Newspapers are mortal. They’re born, they grow and hopefully they thrive. Comparatively few make it for 10 years, even fewer to 20, and only a handful to 40 or more.

Let’s look at the Colorado Springs newspaper business at several points in time, beginning with the founding of Colorado City in 1859.

In 1859 a scattered little settlement called El Dorado, at the entrance to the western mountains, was given the grandiose name of Colorado City by founders Melancthon Beach, Rufus Cable, Anthony Bott and George Bute. The little city survived and for a while thrived, profiting from the thousands of gold-seekers and adventurers heading for the mountains.
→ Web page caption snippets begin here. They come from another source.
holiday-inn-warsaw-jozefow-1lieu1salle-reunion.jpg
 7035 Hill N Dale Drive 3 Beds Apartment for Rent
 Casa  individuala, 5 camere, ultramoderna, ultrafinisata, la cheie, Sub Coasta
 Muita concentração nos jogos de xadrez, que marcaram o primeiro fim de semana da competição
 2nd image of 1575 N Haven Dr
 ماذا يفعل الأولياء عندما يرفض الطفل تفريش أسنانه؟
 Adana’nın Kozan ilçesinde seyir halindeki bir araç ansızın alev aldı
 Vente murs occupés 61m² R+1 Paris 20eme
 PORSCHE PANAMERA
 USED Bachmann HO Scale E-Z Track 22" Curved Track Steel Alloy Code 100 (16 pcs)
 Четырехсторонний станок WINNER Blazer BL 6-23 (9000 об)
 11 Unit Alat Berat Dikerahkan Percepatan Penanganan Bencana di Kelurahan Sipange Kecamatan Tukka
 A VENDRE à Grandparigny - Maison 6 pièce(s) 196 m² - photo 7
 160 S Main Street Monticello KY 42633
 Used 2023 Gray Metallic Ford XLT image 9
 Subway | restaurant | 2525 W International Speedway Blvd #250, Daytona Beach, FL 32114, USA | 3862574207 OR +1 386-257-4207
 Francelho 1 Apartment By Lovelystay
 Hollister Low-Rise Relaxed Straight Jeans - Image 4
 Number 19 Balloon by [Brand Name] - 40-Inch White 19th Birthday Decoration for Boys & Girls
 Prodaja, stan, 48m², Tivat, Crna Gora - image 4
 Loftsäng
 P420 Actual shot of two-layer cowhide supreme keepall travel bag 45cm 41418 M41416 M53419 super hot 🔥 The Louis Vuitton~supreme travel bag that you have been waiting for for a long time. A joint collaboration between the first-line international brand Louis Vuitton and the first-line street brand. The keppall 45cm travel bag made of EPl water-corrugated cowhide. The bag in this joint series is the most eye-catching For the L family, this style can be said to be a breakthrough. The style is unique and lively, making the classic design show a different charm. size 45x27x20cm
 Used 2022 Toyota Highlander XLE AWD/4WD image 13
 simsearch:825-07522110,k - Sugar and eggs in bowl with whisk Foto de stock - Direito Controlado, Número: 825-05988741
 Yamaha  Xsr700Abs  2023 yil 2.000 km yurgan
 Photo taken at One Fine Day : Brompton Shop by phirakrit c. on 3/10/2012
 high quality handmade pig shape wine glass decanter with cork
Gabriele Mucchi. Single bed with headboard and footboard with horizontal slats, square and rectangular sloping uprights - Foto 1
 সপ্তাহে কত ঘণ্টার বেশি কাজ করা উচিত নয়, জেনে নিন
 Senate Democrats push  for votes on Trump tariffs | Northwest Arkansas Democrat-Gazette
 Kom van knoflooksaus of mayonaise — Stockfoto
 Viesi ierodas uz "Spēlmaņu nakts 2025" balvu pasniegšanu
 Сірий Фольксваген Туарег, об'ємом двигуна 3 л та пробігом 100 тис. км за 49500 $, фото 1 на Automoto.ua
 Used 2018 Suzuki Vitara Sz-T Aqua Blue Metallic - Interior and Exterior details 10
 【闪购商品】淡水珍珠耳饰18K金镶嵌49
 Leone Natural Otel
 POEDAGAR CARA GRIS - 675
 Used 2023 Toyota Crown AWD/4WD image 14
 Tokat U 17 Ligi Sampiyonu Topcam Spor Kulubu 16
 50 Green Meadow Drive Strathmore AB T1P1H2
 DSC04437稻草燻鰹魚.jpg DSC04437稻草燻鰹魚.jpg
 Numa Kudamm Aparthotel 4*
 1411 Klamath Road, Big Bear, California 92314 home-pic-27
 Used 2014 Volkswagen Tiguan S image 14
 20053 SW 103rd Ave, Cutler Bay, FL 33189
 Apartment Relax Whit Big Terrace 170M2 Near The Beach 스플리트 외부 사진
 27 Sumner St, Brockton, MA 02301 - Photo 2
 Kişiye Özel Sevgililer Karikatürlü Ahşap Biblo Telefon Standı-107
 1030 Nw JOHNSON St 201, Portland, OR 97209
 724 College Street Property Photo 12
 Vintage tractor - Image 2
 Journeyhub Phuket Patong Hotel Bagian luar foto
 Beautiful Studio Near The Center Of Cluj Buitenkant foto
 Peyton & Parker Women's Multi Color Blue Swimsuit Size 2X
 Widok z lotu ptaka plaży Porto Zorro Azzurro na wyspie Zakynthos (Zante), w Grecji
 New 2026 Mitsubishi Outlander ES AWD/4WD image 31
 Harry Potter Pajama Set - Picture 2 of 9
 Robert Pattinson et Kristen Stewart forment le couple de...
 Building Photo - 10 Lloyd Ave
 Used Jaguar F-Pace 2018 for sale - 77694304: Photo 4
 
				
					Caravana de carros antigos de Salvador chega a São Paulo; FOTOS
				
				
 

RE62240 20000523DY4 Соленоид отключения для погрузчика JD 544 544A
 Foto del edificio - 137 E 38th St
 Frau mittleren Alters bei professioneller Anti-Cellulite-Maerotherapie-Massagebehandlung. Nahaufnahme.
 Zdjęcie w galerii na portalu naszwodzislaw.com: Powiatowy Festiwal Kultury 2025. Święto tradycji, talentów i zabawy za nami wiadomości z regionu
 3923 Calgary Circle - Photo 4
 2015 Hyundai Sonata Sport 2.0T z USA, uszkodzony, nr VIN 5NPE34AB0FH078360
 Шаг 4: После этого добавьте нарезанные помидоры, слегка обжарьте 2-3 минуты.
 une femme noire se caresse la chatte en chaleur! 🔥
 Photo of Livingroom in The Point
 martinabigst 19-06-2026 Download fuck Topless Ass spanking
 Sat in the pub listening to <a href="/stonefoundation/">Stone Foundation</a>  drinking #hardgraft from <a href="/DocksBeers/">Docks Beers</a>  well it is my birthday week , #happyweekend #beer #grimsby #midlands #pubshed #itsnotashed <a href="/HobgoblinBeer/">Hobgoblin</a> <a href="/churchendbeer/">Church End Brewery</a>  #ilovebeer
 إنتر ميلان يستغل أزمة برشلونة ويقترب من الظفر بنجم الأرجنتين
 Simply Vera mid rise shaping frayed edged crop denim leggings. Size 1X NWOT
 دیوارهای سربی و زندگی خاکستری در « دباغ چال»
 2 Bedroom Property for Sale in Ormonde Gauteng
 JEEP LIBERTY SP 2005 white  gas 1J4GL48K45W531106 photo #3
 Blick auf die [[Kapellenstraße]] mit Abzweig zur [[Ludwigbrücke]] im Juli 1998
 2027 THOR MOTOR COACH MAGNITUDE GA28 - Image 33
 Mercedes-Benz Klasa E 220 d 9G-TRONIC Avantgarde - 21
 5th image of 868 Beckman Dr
In 1861 the Colorado City Journal became the first newspaper in the Pikes Peak Region, apparently because Colorado City had become the territorial capital of Colorado. Denver-area legislators were forced to stay for a session in Lucy Maggard’s little hotel. They didn’t like it and skedaddled as soon as possible. Denver soon became the capital, and the Journal only printed six issues.

The Civil War ended Colorado City’s little boom and printed newspapers didn’t return until General William Jackson Palmer founded Colorado Springs in 1871, and he and William Bell founded Manitou Springs in 1872.

Palmer’s cities were meant to cater to an affluent clientele, not the humble rapscallions that derived their living from “trade,” as the gentry referred to the men and women who provided the necessities of life.

One of the oldest businesses in Colorado Springs is the Gazette, having survived since 1872 with the business model of the printed word.

Advertising in The Blue Book, a journal of “Society” in 1898, the Gazette wasn’t averse to self-promotion. Here’s the text of a full-page ad that included a rendition of the Gazette’s stately downtown building,

“The Representative Paper of Cripple Creek Mining District…Official Reports of Colorado Springs Mining Exchanges…Only Morning Daily in Colorado Springs…Larger Local Circulation than all others combined…Official Paper of the County and City.”

Its survival reflects canny ownership and feeble competition. At one time, there were two papers fighting for readers/advertisers; the morning Gazette and the evening Telegraph. They eventually merged, first by co-publishing the Sunday Gazette-Telegraph.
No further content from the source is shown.